Artista plástica e arte-educadora, Karina Agra é licenciada em Educação Artística - Artes Plásticas, pela UFPE - e participa de exposições desde 1999. Ao explorar o figurativo, através da técnica de pintura acrílica sobre tela, Karina prioriza as personagens femininas, envolvidas no universo das cores saturadas, do kitsch, da sensualidade e da irreverência. Única mulher a fazer parte do time de grafiteiros escolhidos para dar cor à decoração de Carnaval do Recife deste ano, Karina diz que sua participação foi uma boa surpresa. "Começando pelo fato de não ser grafiteira, mas artista plástica, foi uma ótima surpresa! Mas, me perguntei o porquê de não colocarem mais mulheres, pois aqui está cheio de talentos femininos que já trabalham com a arte urbana", questiona. "Claro que estou muito feliz por fazer parte e enquanto artista me sinto também homenageada, pois, diferente dos carnavais passados, nossas artes ficarão presentes pela cidade", completa.

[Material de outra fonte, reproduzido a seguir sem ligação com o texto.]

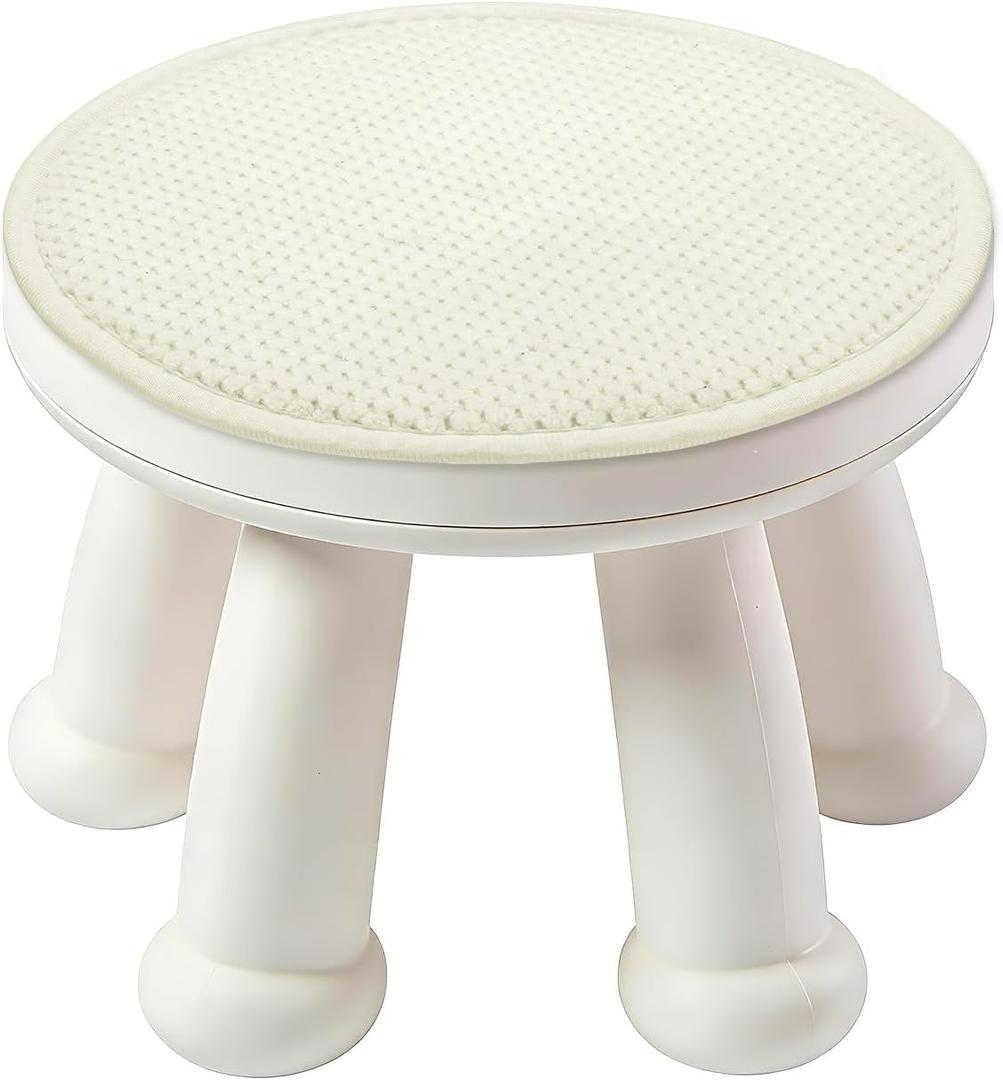 uxcell Round Stool Cushion, 10 x 10 Inch Round Seat Pads with Elastic Straps, Anti-Slip Soft Round Pad Chair Seat Cushions for Dining Chairs Kitchen Bar High Stool, White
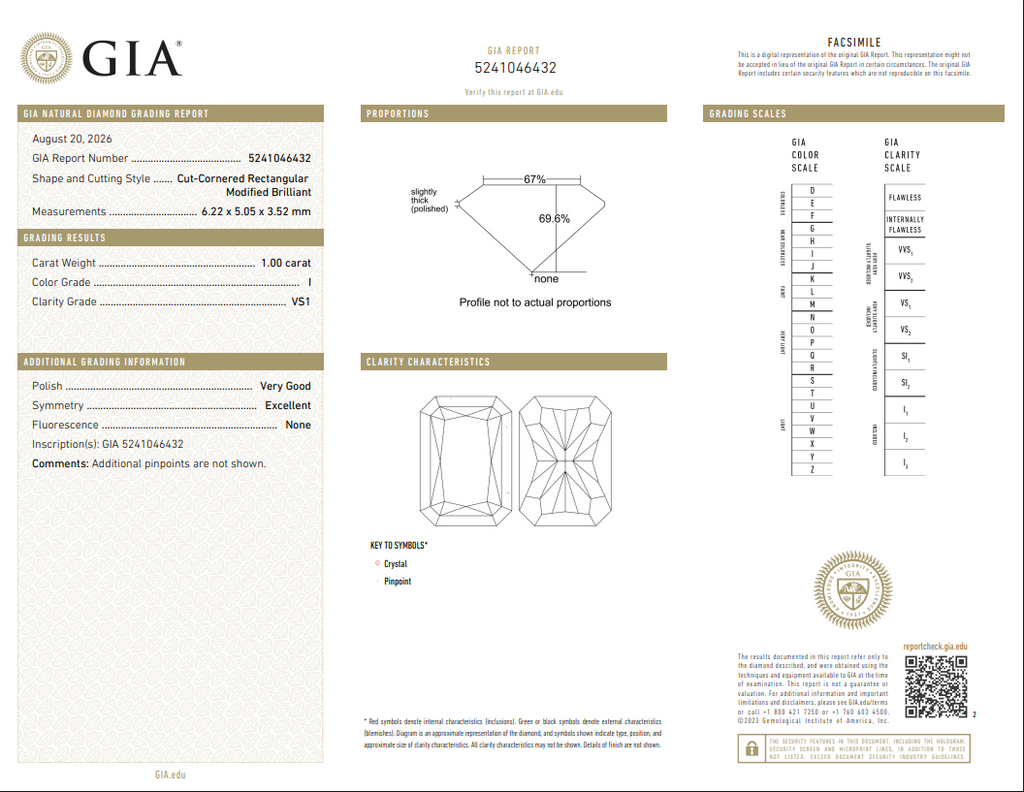 GIA 1.00 CT Natural Radiant I VS1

Com ateliê no bairro de Pau Amarelo, município de Paulista, a artista lembra também sobre o papel da mulher no meio artístico nos dias atuais. "Pensar que até o século 19 a mulher era considerada incapaz de criar artisticamente, ficando reduzida ao papel de musa ou da mulher de um 'grande pintor', há sim mais espaço, há oportunidades e esse processo é infindável, finalmente."

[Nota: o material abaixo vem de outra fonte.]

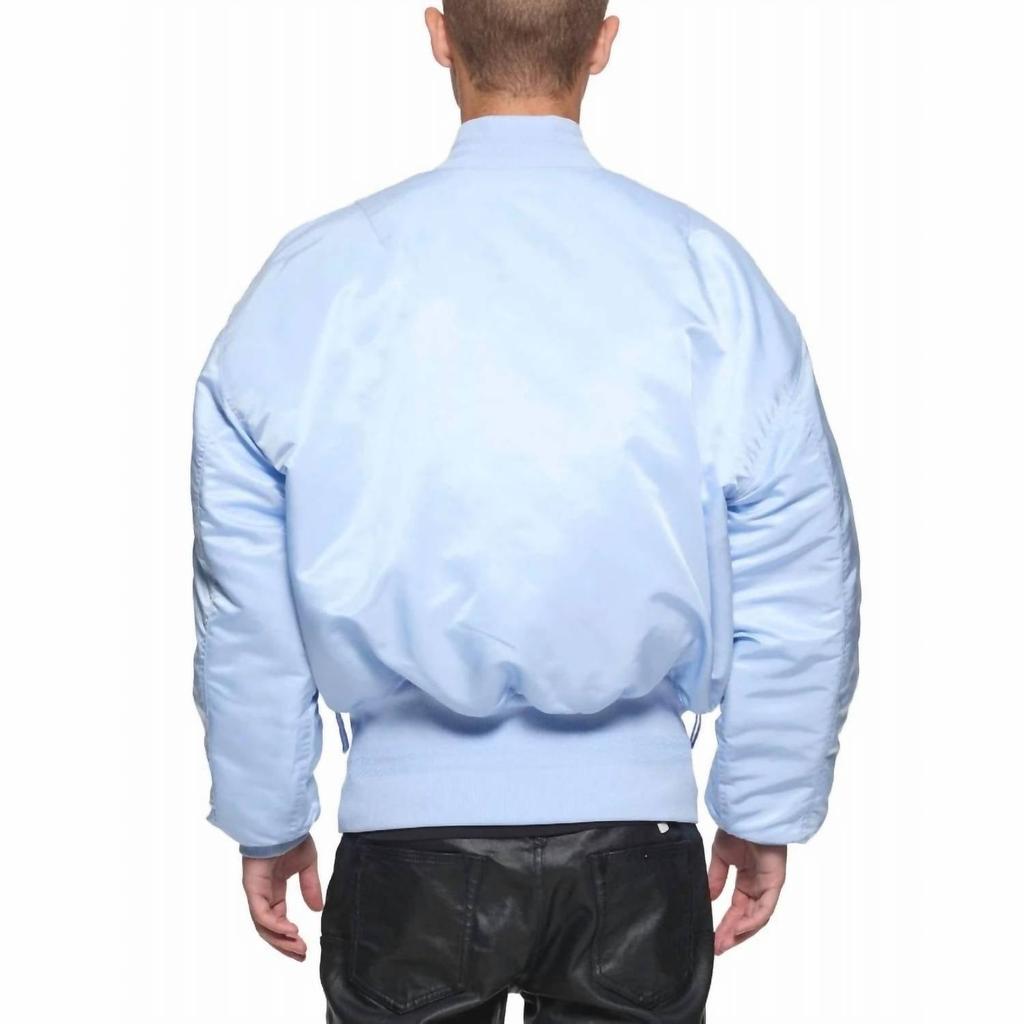 Purple Brand Wordmark Bomber Jacket In Blue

Karina Agra /Foto: Andrea Rego Barro Karina Agra /Foto: Andrea Rego Barro

Em uma luta constante em favor do feminismo, Karina destaca a importância de se manter contra o machismo. "Não ter filhos e ser artista, ainda mais no Nordeste, onde a cultura do machismo é bem resistente, já é motivo suficiente pra ser feminista". Ela também cita o fato de não poder sair sozinha à noite sem ser assediada. "É de uma violência que só nós mulheres entendemos". Seu engajamento acontece através das personagens retratadas nas telas, sempre altivas, seguras de si e que podem usar da sua sensualidade sem culpas. "Por sinal, achei maravilhosa a campanha do 'Pequeno Manual de como não ser um babaca no carnaval', ilustrada com as nossas artes da decoração do Carnaval. Espero que utilizem esse material durante o ano, em escolas e empresas, porque as mensagens são atemporais", finaliza.

Expectativas

Karina Agra defende que a causa feminina deve estar em alta diariamente. "Igualdade de gênero urgente! Não podemos ficar rotuladas a um dia do ano. Precisamos de respeito o ano inteiro!". Dani Acioli fala dos direitos: "Quero direitos iguais reconhecidos. Não como algo dado, e sim, por direito". Gio Simões deseja o empoderamento e união. "Que todas consigam adquirir consciência, se empoderar... E que juntas lutemos por uma sociedade livre dos padrões opressores patriarcais".

O Social1 parabeniza as mulheres e se une às vozes de todas que não só sonham, mas que lutam por igualdade, direitos respeitados e liberdade.